Marchant has voted early multiple times and has also promoted early voting on various social media platforms. 

During a Republican primary for a state Assembly seat that Marchant ended up winning in 2016, he went on social media and advised voters that “Early voting makes it easier for you to find a time to go vote, and makes ballot counting more efficient.”

More recently, Marchant took to social media during this year’s primary to say “Early voting starts TODAY! Make your choice for Secretary of State in 2022 Jim Marchant!” Marchant also linked to the secretary of state’s website that listed early voting locations.

Rogers said there will likely be at least one more ad from SAFE the during the cycle. She added while the group wants to warn voters of Marchant’s views, they are being careful “not to repeat his lies.”

Following the 2020 election, Secretary of State Barbara Cegavske, a Republican, reviewed allegations of election integrity issues and found no evidence of widespread voter fraud.

That hasn’t stop Marchant from promoting conspiracy theories. 

Though former President Donald Trump lost in Nevada in 2020, Marchant stood next to Nevada’s fake electors in December 2020 when they signed the phony electoral college certificates that were sent to Congress, an action that would later be revealed as part of the plan hatched by Trump’s legal advisors to stop Joe Biden’s certification as president on January 6, 2021.

Marchant sued Cegavske along with Clark County Registrar of Voters Joe Gloria trying to overturn his 5-point loss in 2020 to Democratic U.S. Rep. Steven Horsford. The case was thrown out.

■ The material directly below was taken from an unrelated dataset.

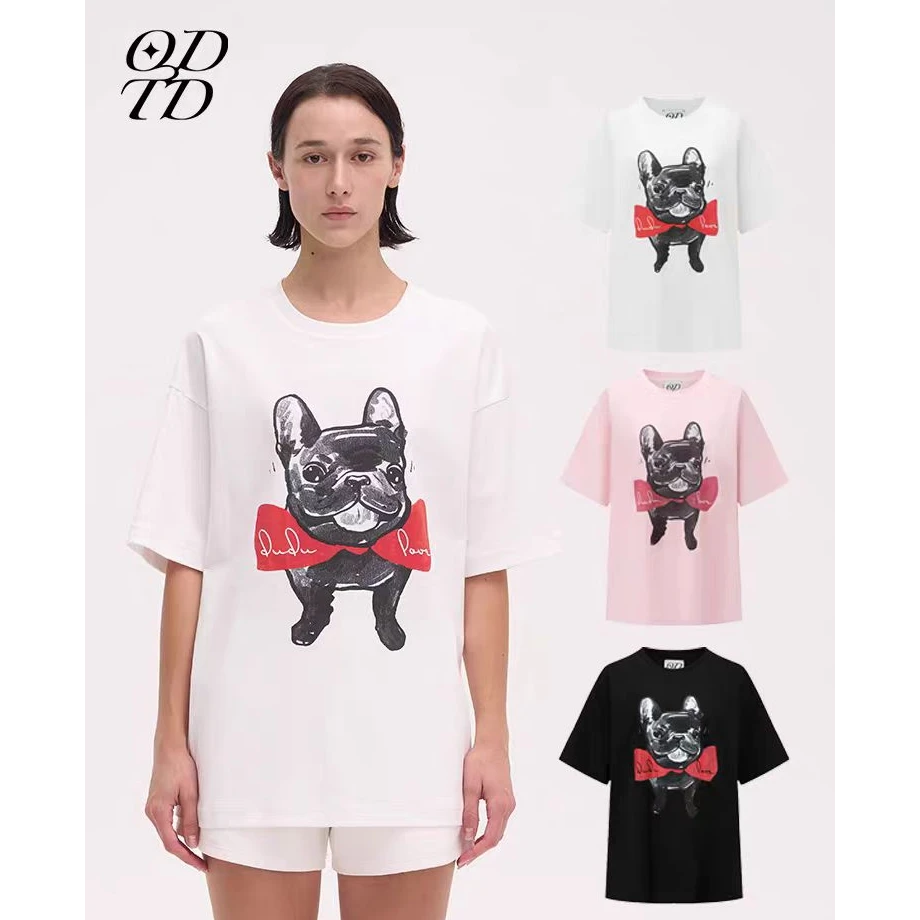 【景致】ODTD 蝴蝶结绅士狗狗印花T恤2502090058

While running for secretary of state in 2022, Marchant has pushed counties to move toward hand-counting paper ballots, pledged to end mail-in ballots and said he wanted to end early voting.

The first ad turns its attention to Marchant’s anti-abortion views, though the office doesn’t play a role in abortion access. Polls and voter turnout have shown access to abortion remains a top priority for voters following the Supreme Court of the United States overturning a nearly 50 year precedent that protected the constitutional right to an abortion.

Rogers said it was important to show voters Marchant “is extreme on voting but that’s not where his extremism stops.”

“I think it’s really important that folks know that people who are trying to strip us of our freedom to vote have similar positions on other freedoms that we hold dear and that frankly I think it’s really hard to separate the two,” she said.  

Kristopher Dahir, a Republican who ran against Marchant in the primary, endorsed Aguilar in a recent op-ed in the Reno Gazette Journal.

While he didn’t outright use Marchant’s name, he wrote that “Those who would tear down our electoral process with mistruth and confusion must not be given this position.”

“(Aguilar) believes in the results of the 2020 election and trusts our election workers to be honest and accurate,” he wrote. “He stands in opposition to conspiracy theorists who make false claims that the election in Nevada was mishandled.”